**TASK DESCRIPTION:**
Print the lines in the listing below starting at the line with "Kawaii Koala Boissons" and ending at the line with "Wera 05005530001 8100", both included. Reproduce them exactly and omit every picture.

**PROVIDED DATA:**
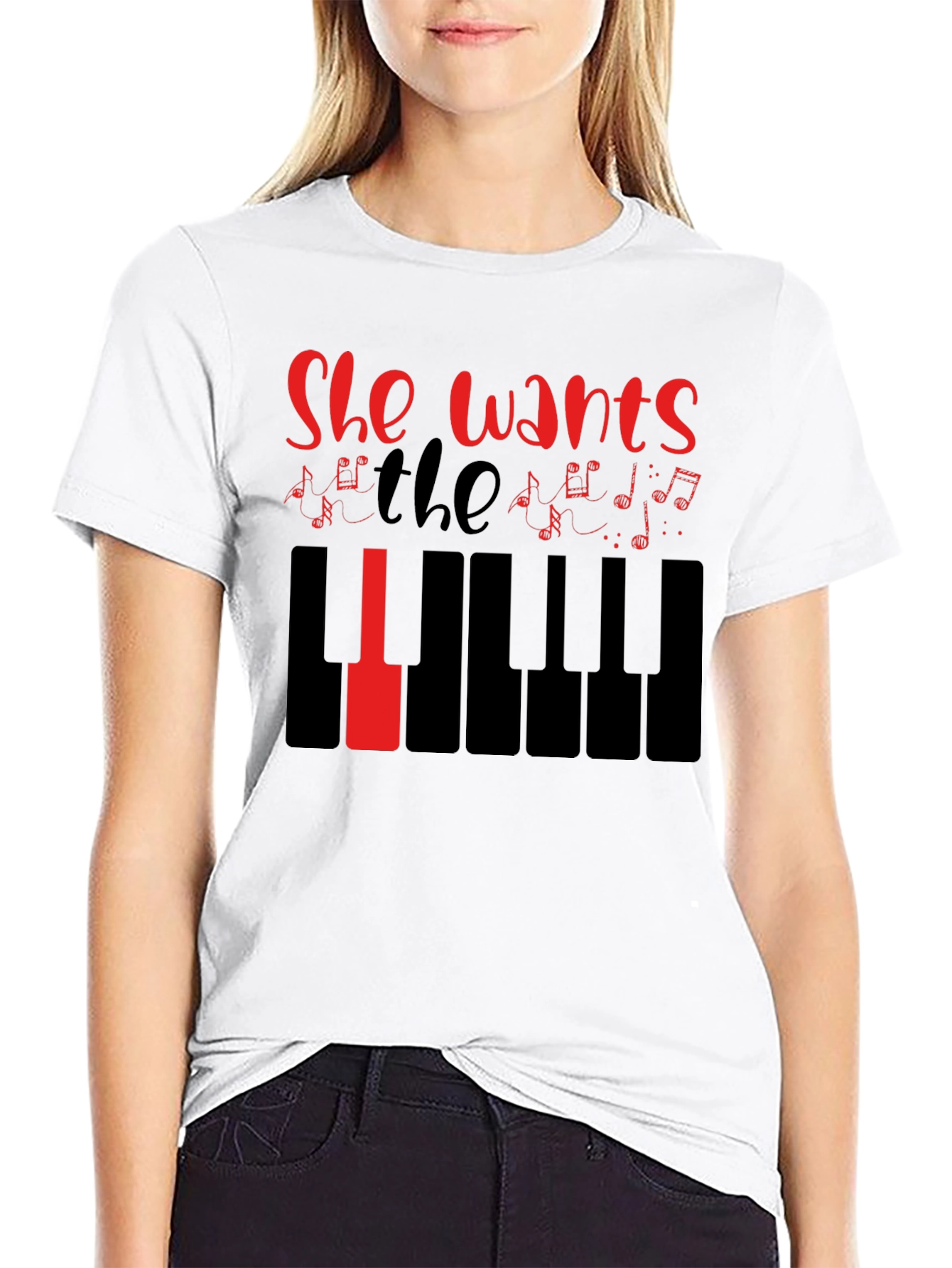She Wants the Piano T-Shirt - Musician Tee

...

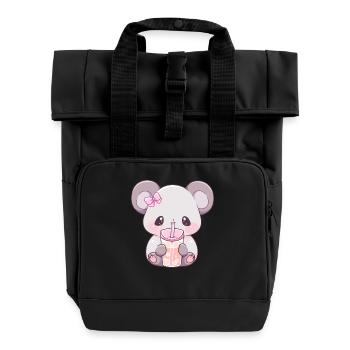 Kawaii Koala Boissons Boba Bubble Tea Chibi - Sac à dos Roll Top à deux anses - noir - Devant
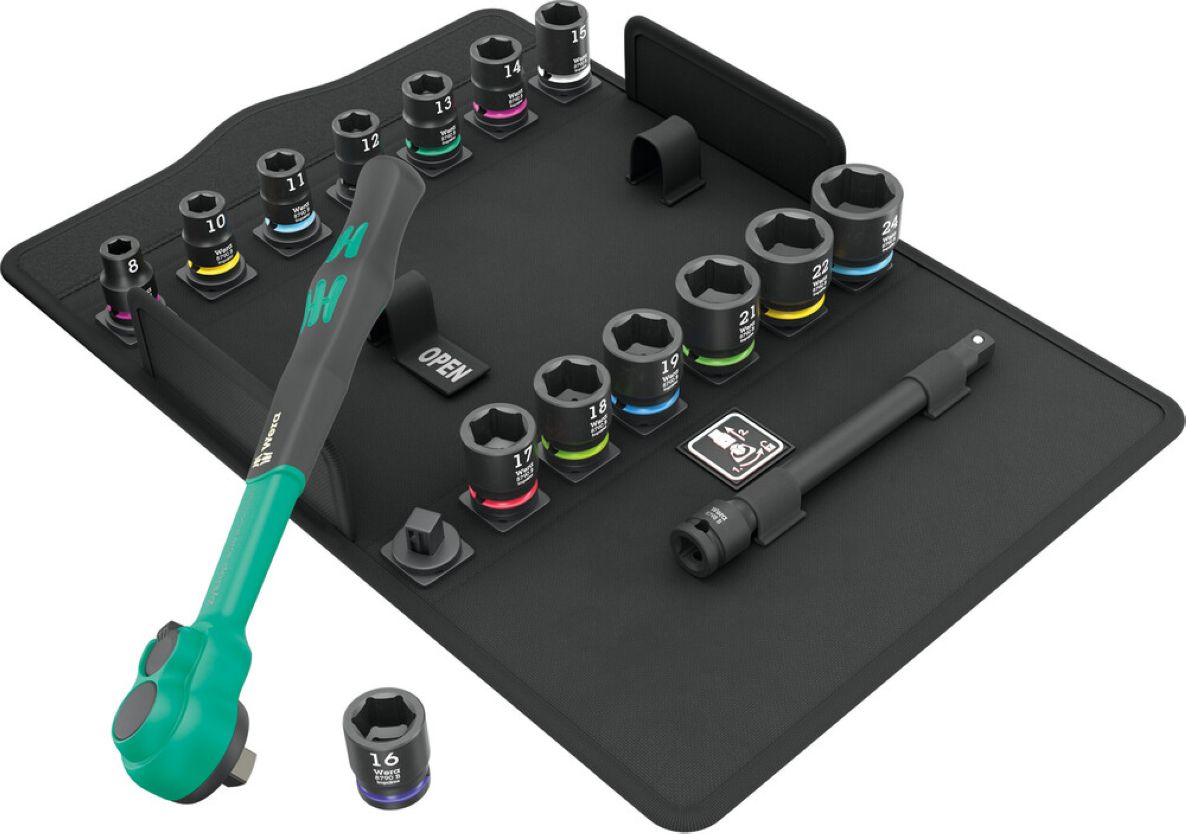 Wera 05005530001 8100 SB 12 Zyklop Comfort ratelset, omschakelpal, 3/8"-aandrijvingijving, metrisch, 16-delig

==

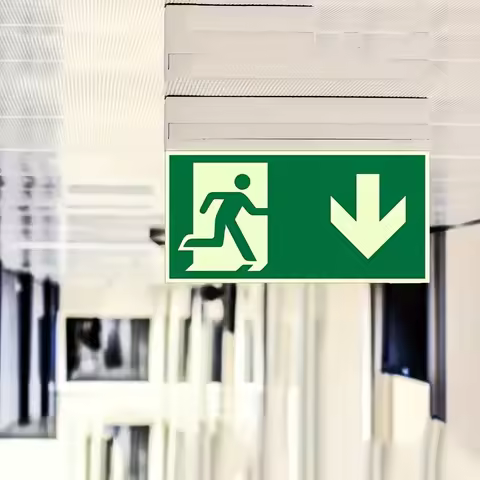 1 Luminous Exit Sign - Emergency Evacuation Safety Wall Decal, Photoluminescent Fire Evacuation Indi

**ANSWER SPACE:**
 Kawaii Koala Boissons Boba Bubble Tea Chibi - Sac à dos Roll Top à deux anses - noir - Devant
 Wera 05005530001 8100 SB 12 Zyklop Comfort ratelset, omschakelpal, 3/8"-aandrijvingijving, metrisch, 16-delig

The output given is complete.